(Entries taken from a collection)

----------

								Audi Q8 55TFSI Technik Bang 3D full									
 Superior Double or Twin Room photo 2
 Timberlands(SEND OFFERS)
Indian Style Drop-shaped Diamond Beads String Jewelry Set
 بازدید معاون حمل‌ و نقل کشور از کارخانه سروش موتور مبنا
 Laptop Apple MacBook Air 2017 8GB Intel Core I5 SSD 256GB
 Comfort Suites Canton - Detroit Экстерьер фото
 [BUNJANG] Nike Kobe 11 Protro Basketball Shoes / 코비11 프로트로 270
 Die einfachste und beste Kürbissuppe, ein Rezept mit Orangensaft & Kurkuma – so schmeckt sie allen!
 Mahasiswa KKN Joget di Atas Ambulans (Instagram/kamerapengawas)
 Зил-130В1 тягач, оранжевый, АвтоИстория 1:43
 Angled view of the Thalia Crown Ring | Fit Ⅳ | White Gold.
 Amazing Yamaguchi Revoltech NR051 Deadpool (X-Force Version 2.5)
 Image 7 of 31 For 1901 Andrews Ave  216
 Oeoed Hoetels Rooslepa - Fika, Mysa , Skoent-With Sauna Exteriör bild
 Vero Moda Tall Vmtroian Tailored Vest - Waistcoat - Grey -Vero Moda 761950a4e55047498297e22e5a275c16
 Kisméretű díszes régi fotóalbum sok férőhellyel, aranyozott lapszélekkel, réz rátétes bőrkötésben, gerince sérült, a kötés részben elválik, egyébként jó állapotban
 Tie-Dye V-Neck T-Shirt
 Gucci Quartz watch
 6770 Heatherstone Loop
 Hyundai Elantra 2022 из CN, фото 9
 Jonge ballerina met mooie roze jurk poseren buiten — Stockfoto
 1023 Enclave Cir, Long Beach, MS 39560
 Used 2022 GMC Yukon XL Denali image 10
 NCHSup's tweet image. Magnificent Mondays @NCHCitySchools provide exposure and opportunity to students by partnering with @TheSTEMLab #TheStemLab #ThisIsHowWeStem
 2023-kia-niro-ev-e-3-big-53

----------

— EXERCISE DETAILS —
Please reproduce all of the entries exactly as they stand.

— YOUR RESPONSE —
								Audi Q8 55TFSI Technik Bang 3D full									
 Superior Double or Twin Room photo 2
 Timberlands(SEND OFFERS)
Indian Style Drop-shaped Diamond Beads String Jewelry Set
 بازدید معاون حمل‌ و نقل کشور از کارخانه سروش موتور مبنا
 Laptop Apple MacBook Air 2017 8GB Intel Core I5 SSD 256GB
 Comfort Suites Canton - Detroit Экстерьер фото
 [BUNJANG] Nike Kobe 11 Protro Basketball Shoes / 코비11 프로트로 270
 Die einfachste und beste Kürbissuppe, ein Rezept mit Orangensaft & Kurkuma – so schmeckt sie allen!
 Mahasiswa KKN Joget di Atas Ambulans (Instagram/kamerapengawas)
 Зил-130В1 тягач, оранжевый, АвтоИстория 1:43
 Angled view of the Thalia Crown Ring | Fit Ⅳ | White Gold.
 Amazing Yamaguchi Revoltech NR051 Deadpool (X-Force Version 2.5)
 Image 7 of 31 For 1901 Andrews Ave  216
 Oeoed Hoetels Rooslepa - Fika, Mysa , Skoent-With Sauna Exteriör bild
 Vero Moda Tall Vmtroian Tailored Vest - Waistcoat - Grey -Vero Moda 761950a4e55047498297e22e5a275c16
 Kisméretű díszes régi fotóalbum sok férőhellyel, aranyozott lapszélekkel, réz rátétes bőrkötésben, gerince sérült, a kötés részben elválik, egyébként jó állapotban
 Tie-Dye V-Neck T-Shirt
 Gucci Quartz watch
 6770 Heatherstone Loop
 Hyundai Elantra 2022 из CN, фото 9
 Jonge ballerina met mooie roze jurk poseren buiten — Stockfoto
 1023 Enclave Cir, Long Beach, MS 39560
 Used 2022 GMC Yukon XL Denali image 10
 NCHSup's tweet image. Magnificent Mondays @NCHCitySchools provide exposure and opportunity to students by partnering with @TheSTEMLab #TheStemLab #ThisIsHowWeStem
 2023-kia-niro-ev-e-3-big-53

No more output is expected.